• [HOW TO COMPLETE THIS TASK]
When you reach the line with "Melbourne: Sunset Kayak", transcribe it and each line after it through the last one below, exactly. Pictures stay out.

• [SUPPLIED RECORDS]
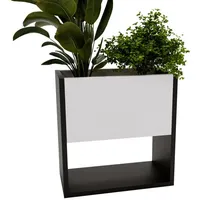 Raumhirsch furniture BLUMENKASTEN, Weiß, 23x45x65 cm, Gartenzubehör, Blumentöpfe -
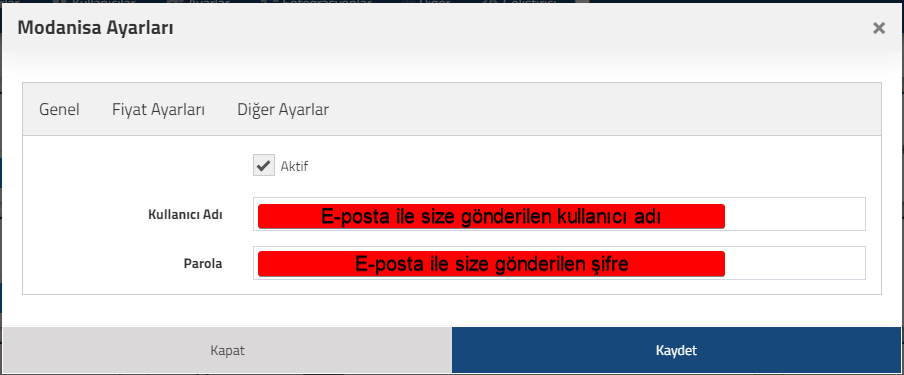 AKINSOFT e-Ticaret Programında Modanisa Entegrasyon İşlemleri – 1 (Genel Ayarlar)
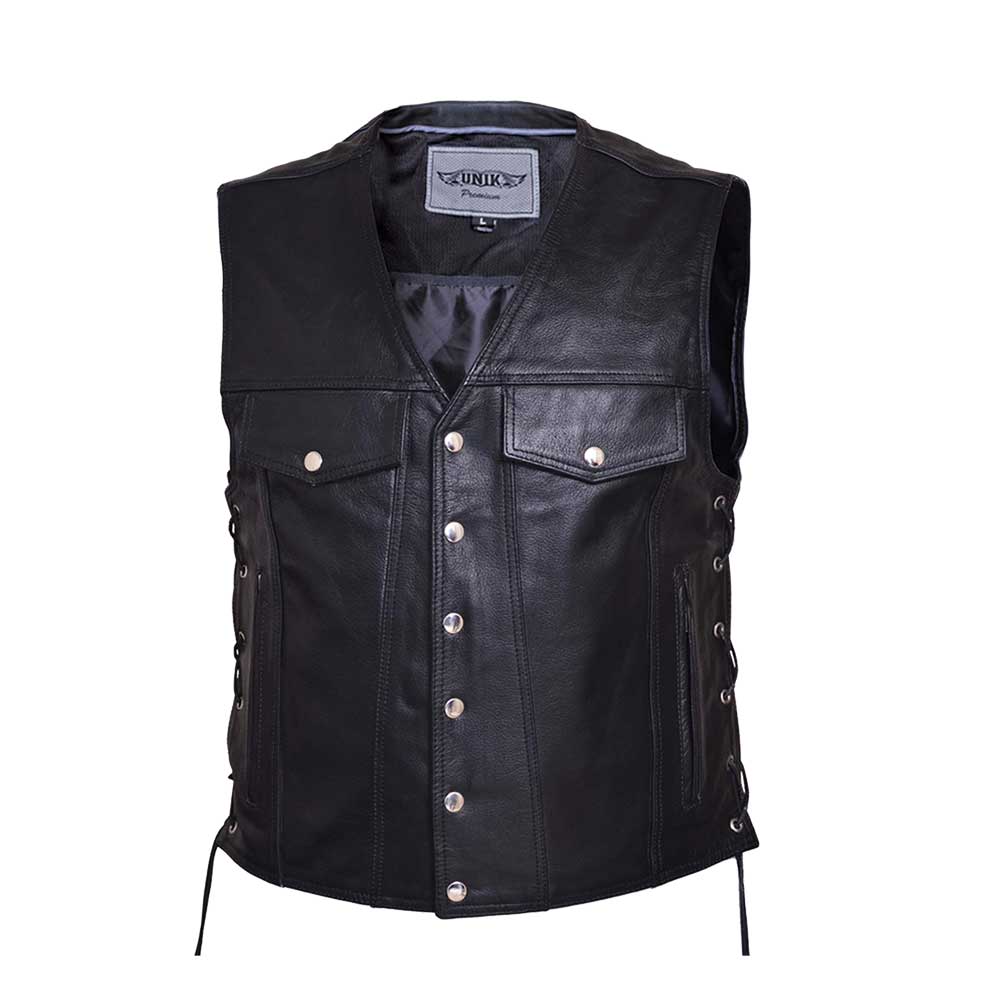 Crafted from cowhide leather and meticulously designed in Pakistan, this vest features a unique color that adds character and charm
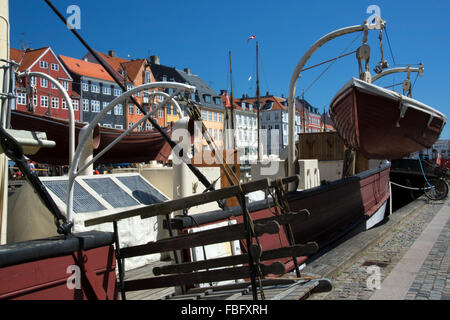 Kopenhagen ist die Hauptstadt von Dänemark und das kulturelle und wirtschaftliche Zentrum. Stockfoto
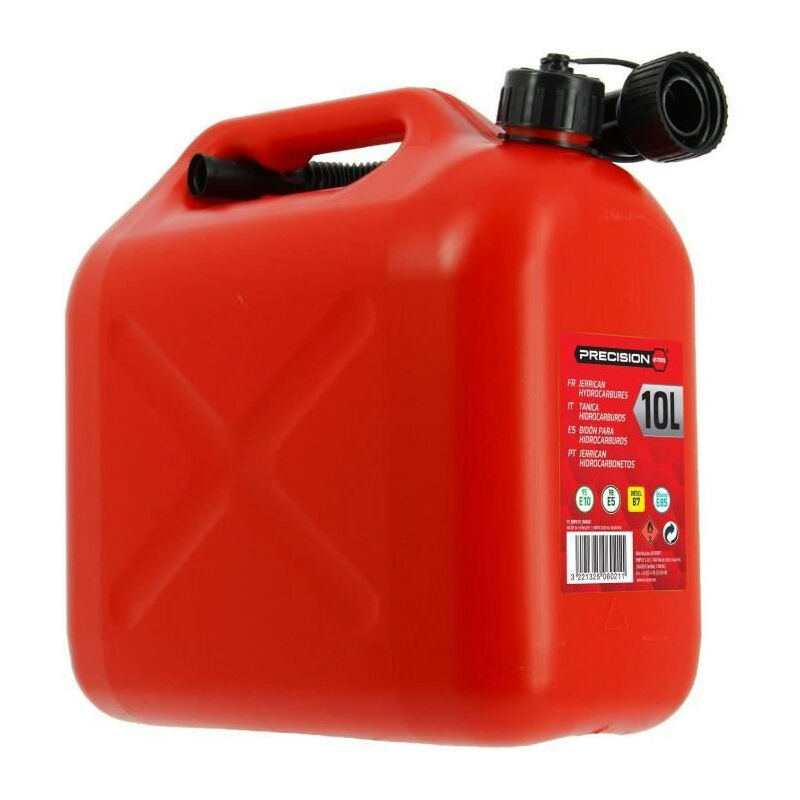 Jerrican plastique Xl Tech 506021 - Capacité 10 litres - Homologué spécial hydrocarbures
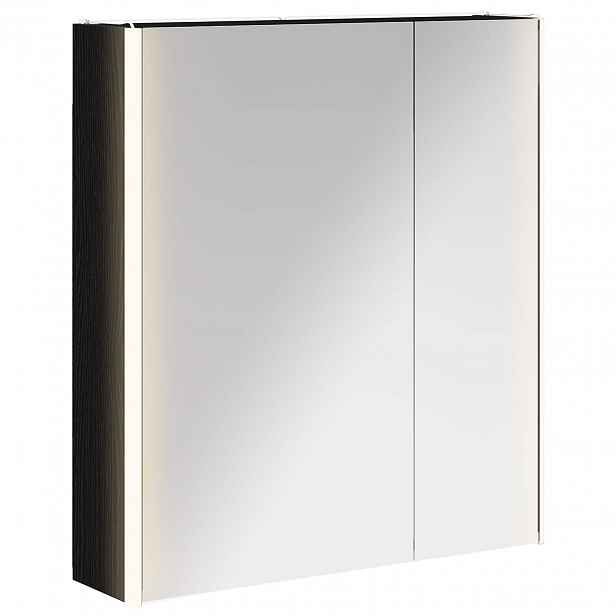 vidaXL Koupelnová zrcadlová skříň Černý dub 63,5 x 15,5 x 70 cm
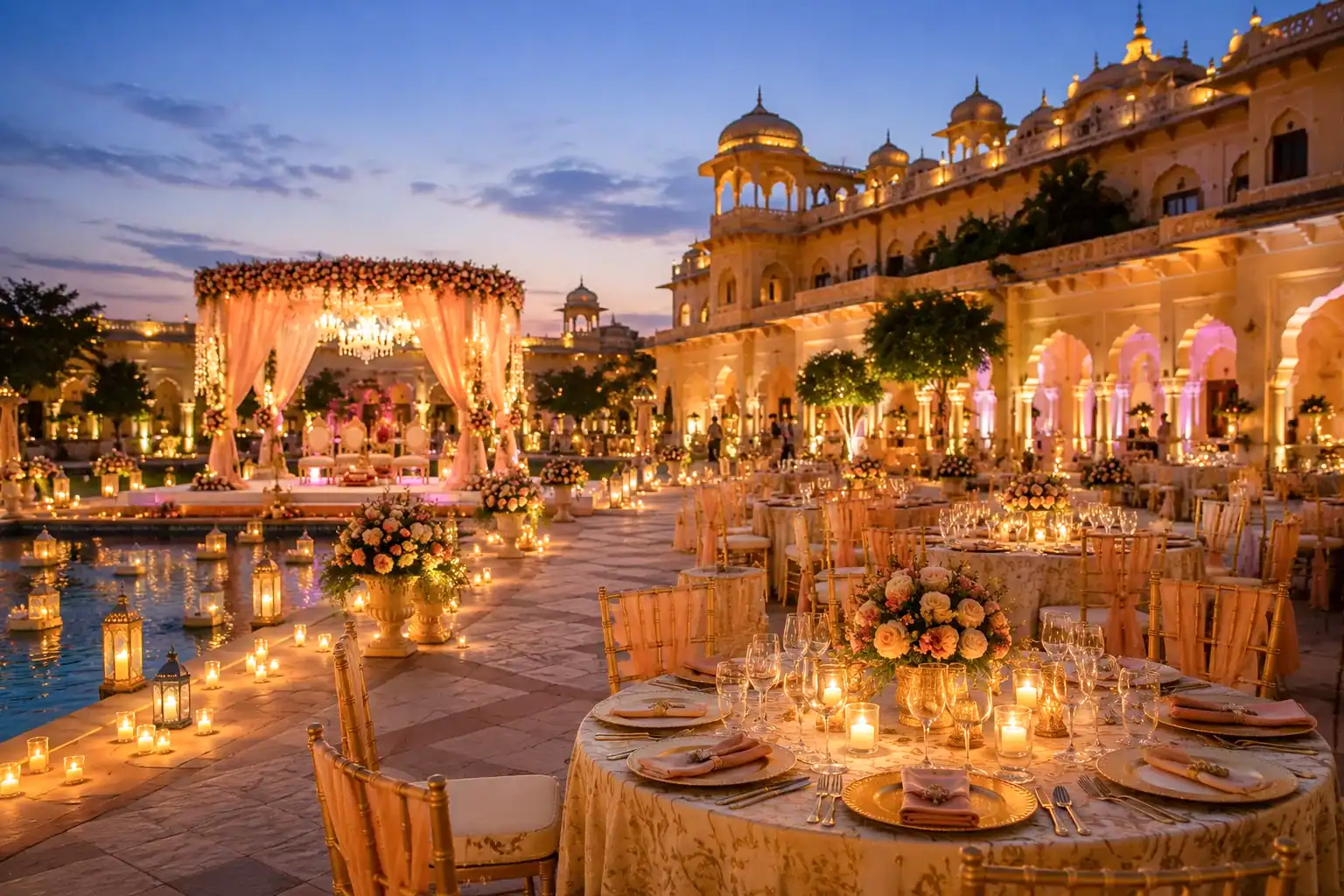 Luxury Wedding Trends 2027: Where heritage grandeur meets deeply personal celebration.
Image Courtesy: Refuge Weddings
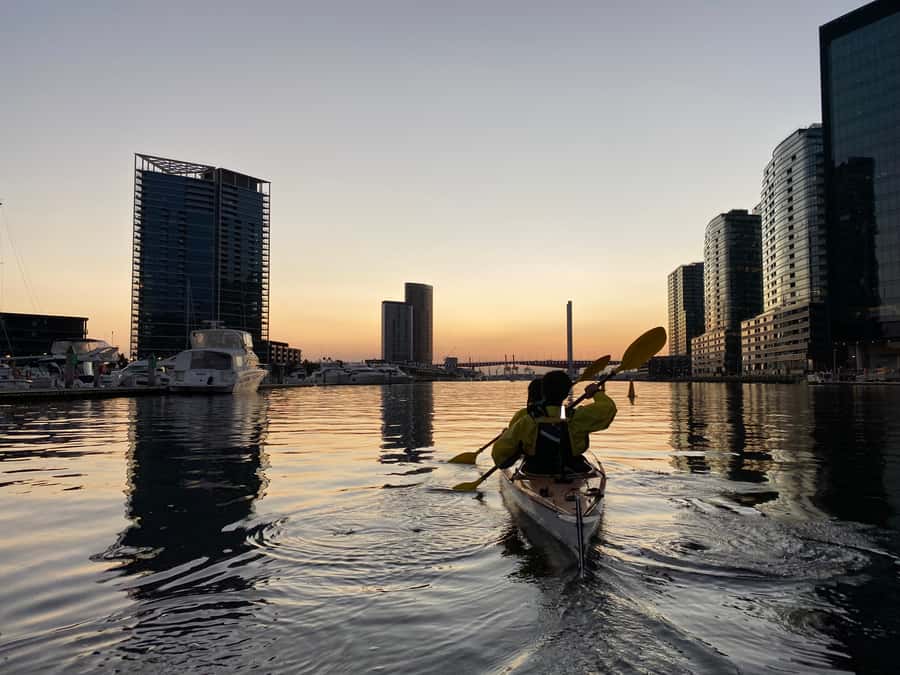Melbourne: Sunset Kayak Tour with Dinner - Under the Bolte Bridge and toward Southbank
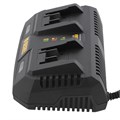 Устройство зарядное для аккумуляторов IBC-18-3.0-2, Li-Ion, 18В, 3.0 А, для двух батарей Denzel 24709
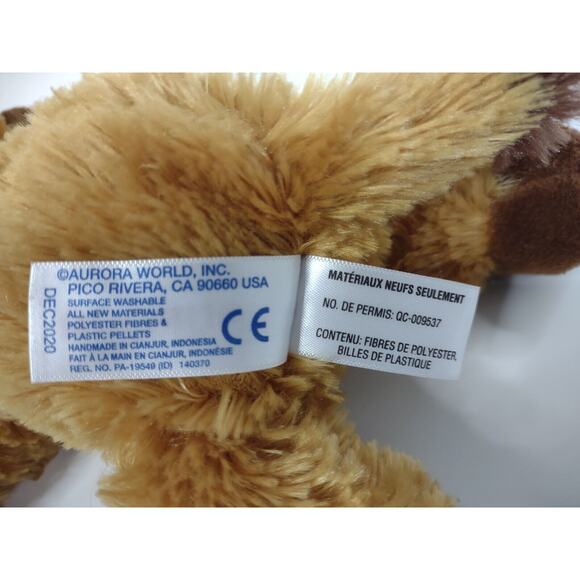 Aurora Plush Bull Toro Mini Flopsie Texas Longhorn Highland Cow 8" - Picture 8 of 8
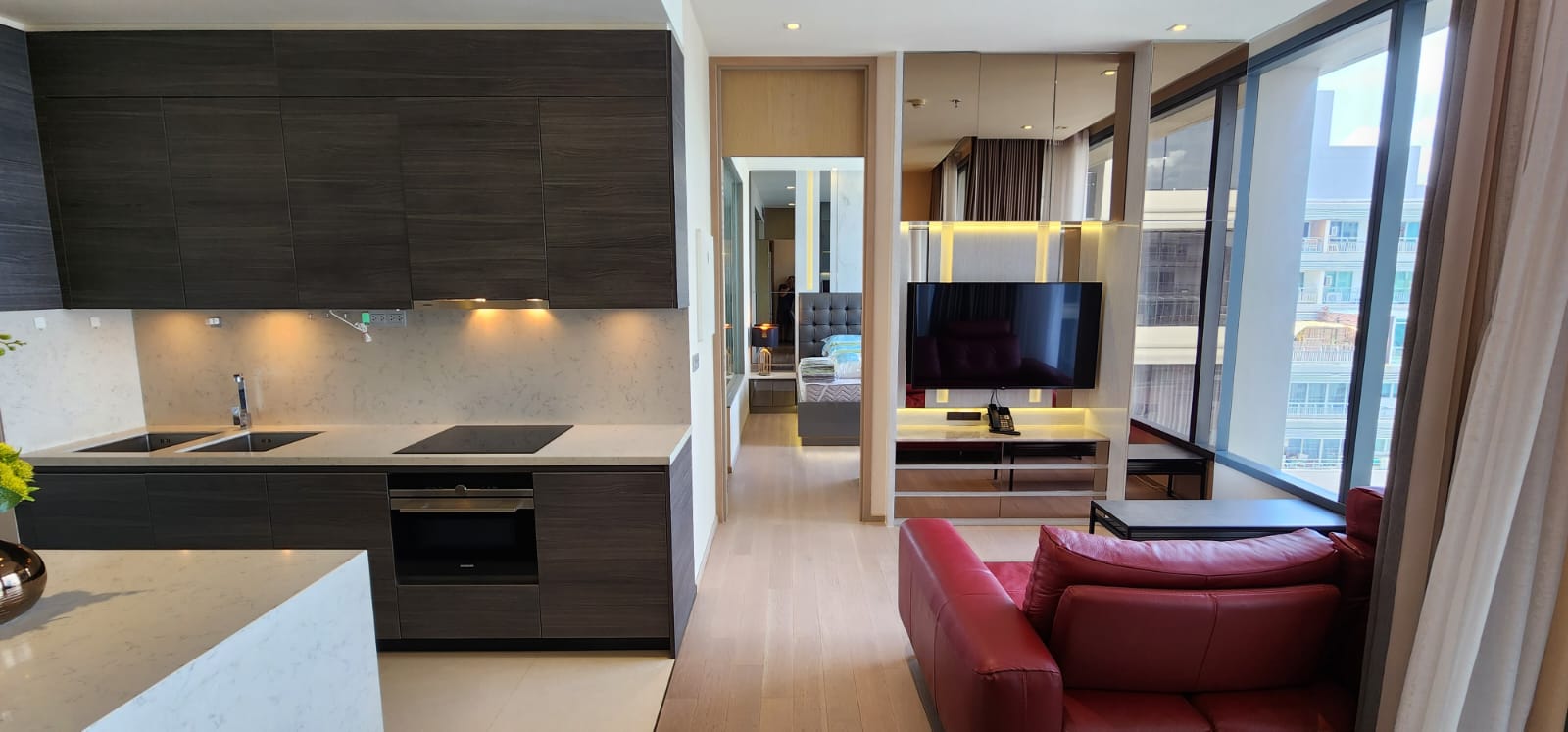 2BR/2BA Condo @The Esse Asoke - 28th Flr, 74.31sqm, 61k / mo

• [ANSWER BELOW]
Melbourne: Sunset Kayak Tour with Dinner - Under the Bolte Bridge and toward Southbank
 Устройство зарядное для аккумуляторов IBC-18-3.0-2, Li-Ion, 18В, 3.0 А, для двух батарей Denzel 24709
 Aurora Plush Bull Toro Mini Flopsie Texas Longhorn Highland Cow 8" - Picture 8 of 8
 2BR/2BA Condo @The Esse Asoke - 28th Flr, 74.31sqm, 61k / mo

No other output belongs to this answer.